Now in its fifth decade, west Valley panaderia La Purisima is still our best and most beloved. Conchas are soft, fragrant, and touched with just enough sugar. Puffy, pig-shaped marrinatos are simple beauties with ample chew and notes of molasses that roll and roll. Flaky baked empanadas filled with sweet pumpkin drop in the fall. Regulars flow in for quick to-go orders of sugar-encrusted pan dulce like clockwork. What many also grab is an underrated aspect of this longtime standby: savory food. Next time you stop in for cookies or sweet yeasted breads, grab a burrito or tamale for the road.

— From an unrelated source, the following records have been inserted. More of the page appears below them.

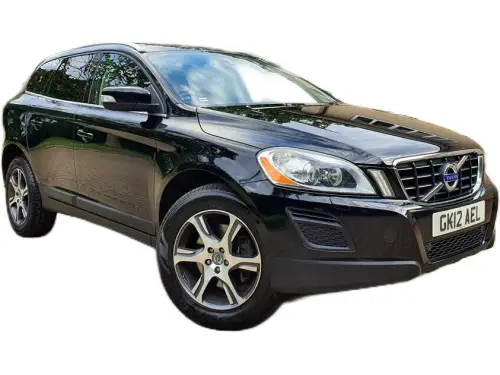 Volvo XC60 Drive SE Lux D3 GK12 AEL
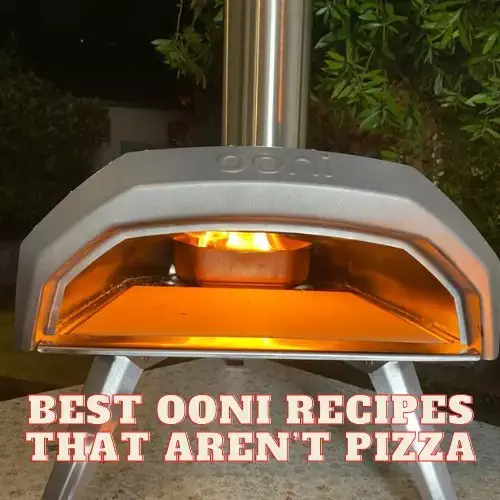 Best Ooni Recipes That Aren't Pizza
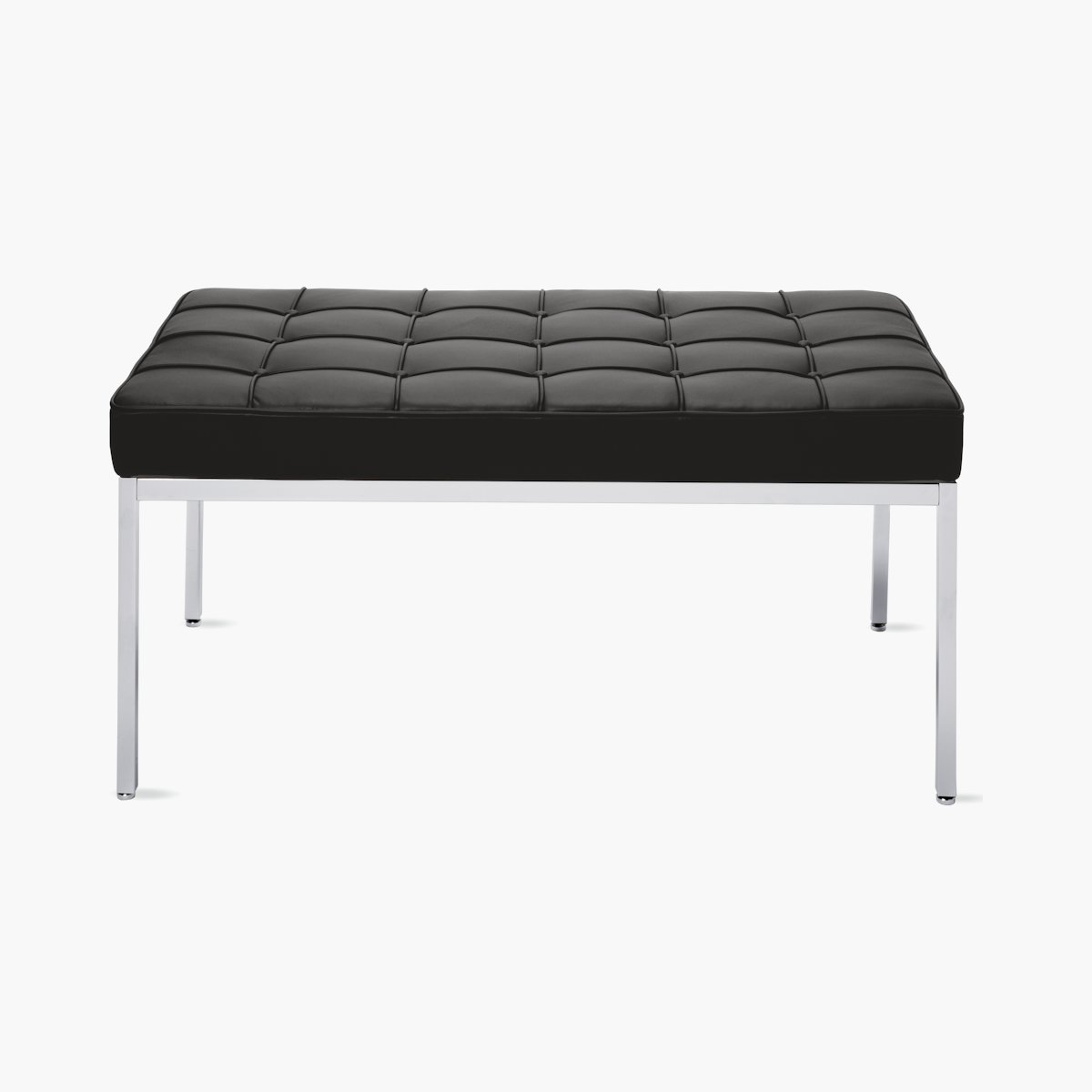 Florence Knoll Bench, Two Seater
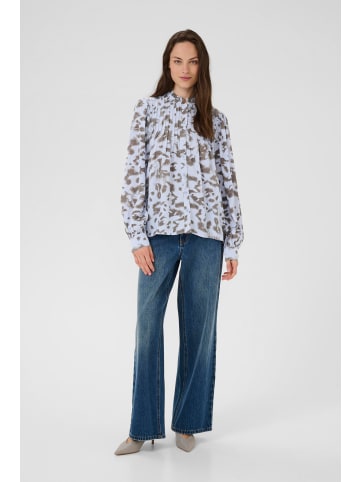 Karen By Simonsen Langarm - Hemd KBXyla Feminine in Xyla Print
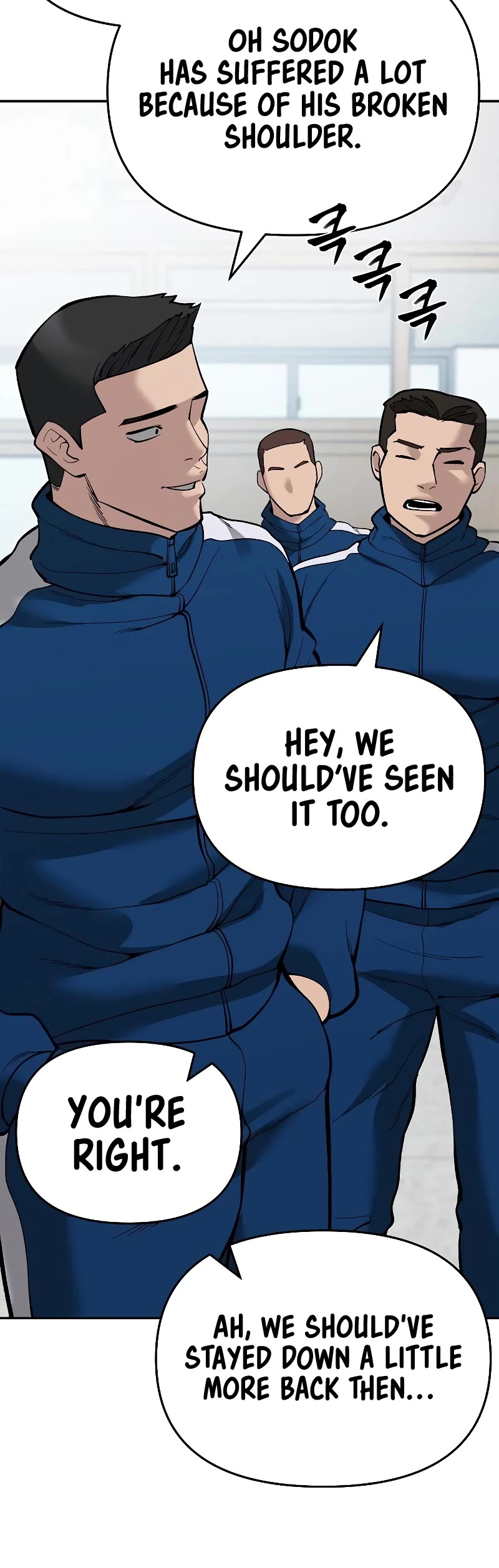 The Bully In-Charge Chapter 63 page 63 - Chapter 63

One pandemic habit we'll stick with long after this plague has left us? Avoiding the grocery store. What an incredible convenience it's been to order produce, dairy, and frozen pizzas with a laptop click. Truly, we're living in the future. We'll make an exception for Los Altos, though, which answers the question: What if the oppressive lighting, dull brands, and sunken-eyed cart-pushers at your local grocery chain were replaced by something a little more Technicolor and full of life? Los Altos is like a Walmart-sized bodega; curiosities abound alongside the essentials. Do you need a Spongebob pinata? Several dangle from light fixtures. A tiny yellow lawn chair for a child? A few are hoisted up above the frozen section. An entire third of an aisle is dedicated to seeds. There are two women stacking and packing fresh corn tortillas that ride down a conveyor belt, one after another. A vendor near the entrance sells steel-toed boots. Another buys gold. There's a salsa bar. There's a juice bar. There are bright, beautiful, elaborate quinceanera cakes. You can order a torta or chicharrones or menudo for lunch and eat it at the indoor picnic tables. "We are here to serve and enrich the lives of others," reads the wallpaper above the checkout, painted in both Spanish and English. Mission accomplished.

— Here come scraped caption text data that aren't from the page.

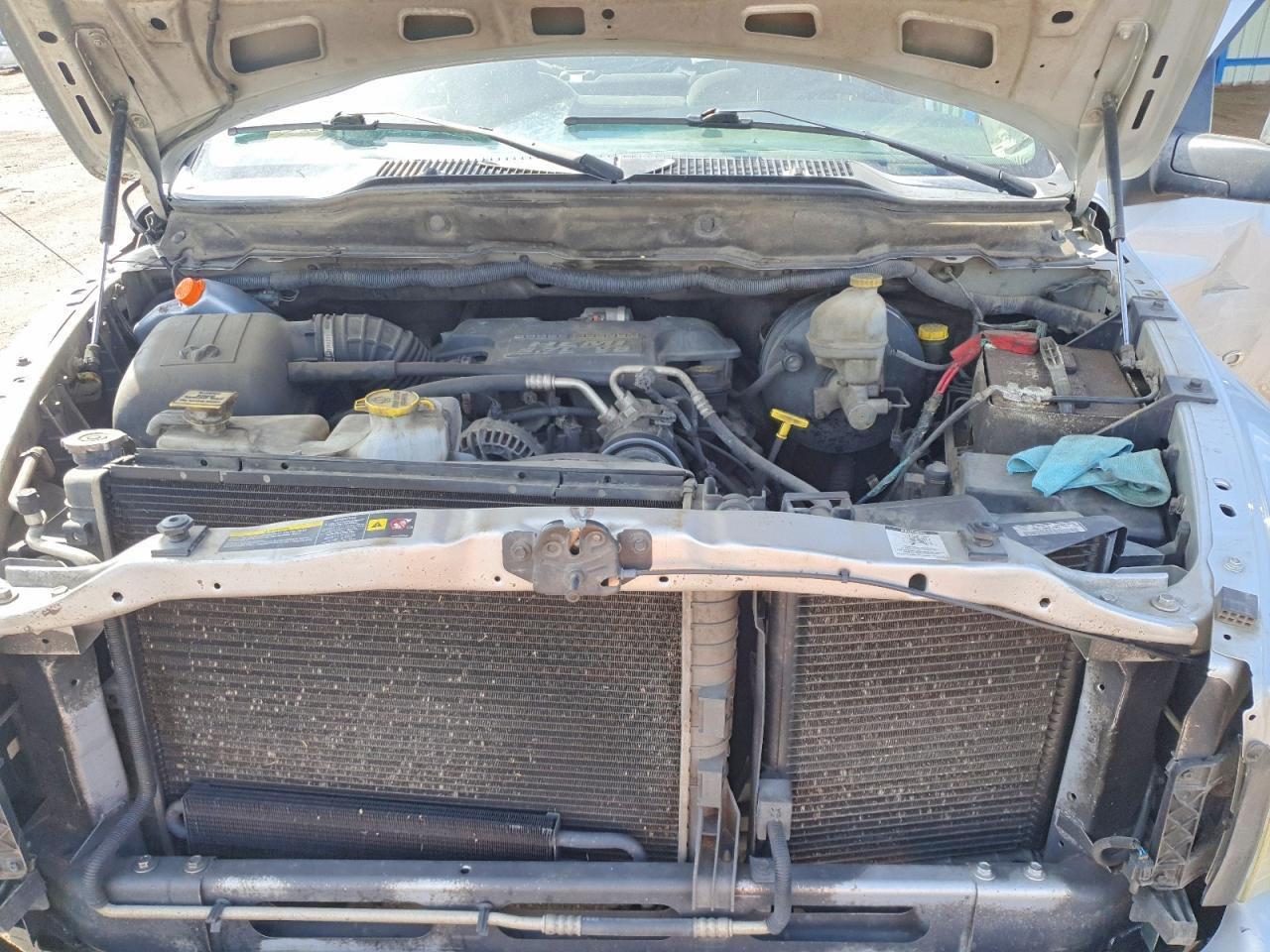 2005 Dodge RAM 2500 ST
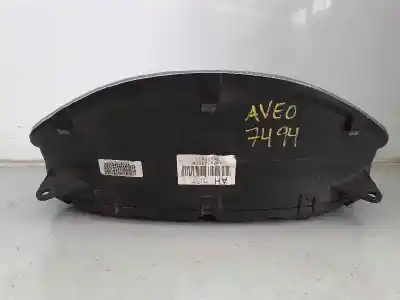 Second-hand car spare part dashboard for chevrolet aveo ls oem iam references 96652451 e3-a5-3-1 ah7a241019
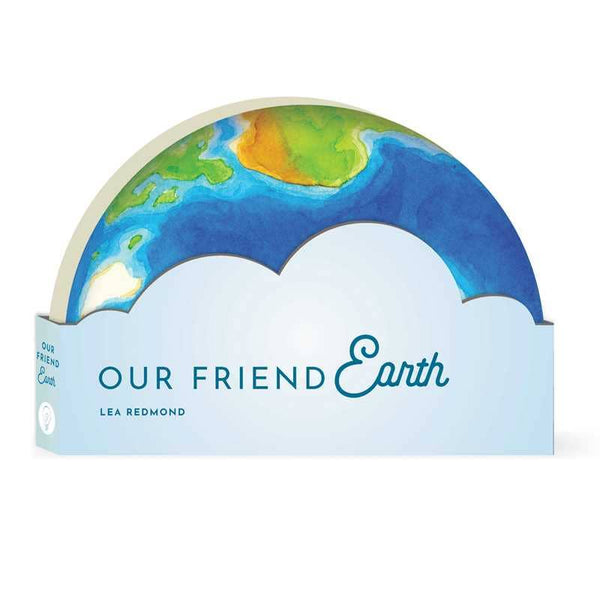 our friend earth board book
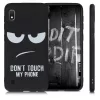 Husa Samsung Galaxy A10, Silicon, Negru, 50035.02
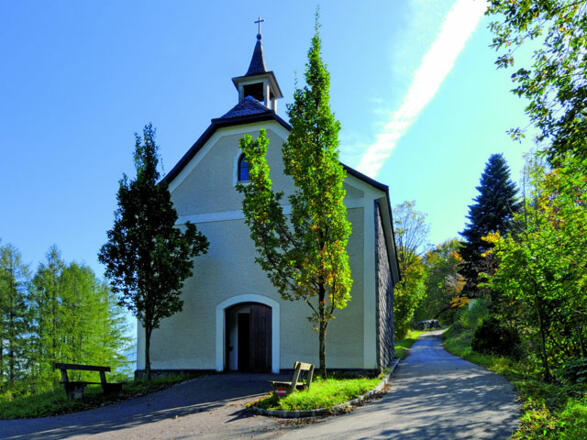 Kalvarienbergkapelle Neukirchen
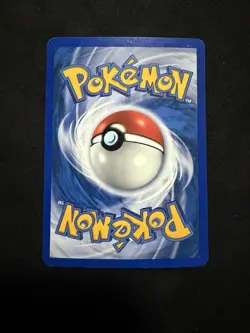 Pokemon Lugia Unseen Forces 29/115 Rare Trading Card Holo LP SWIRL!! - Image 4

The Pixar movie Coco may have increased public awareness of Día de los Muertos, but in metro Phoenix, this annual holiday to commemorate loved ones who've passed on has always been an integral part of our cultural identity. When we want to add new items to our ofrenda (the ceremonial display created for the holiday), we head to Mercado Mexico in Guadalupe. The Mexican import shop has lots to see and buy, from sugar skull merchandise including figurines and tiles, to calacas (skeleton figurines). While you're there, check out everything else the store has to offer, like hand-painted Christmas ornaments, pottery, jewelry, and more.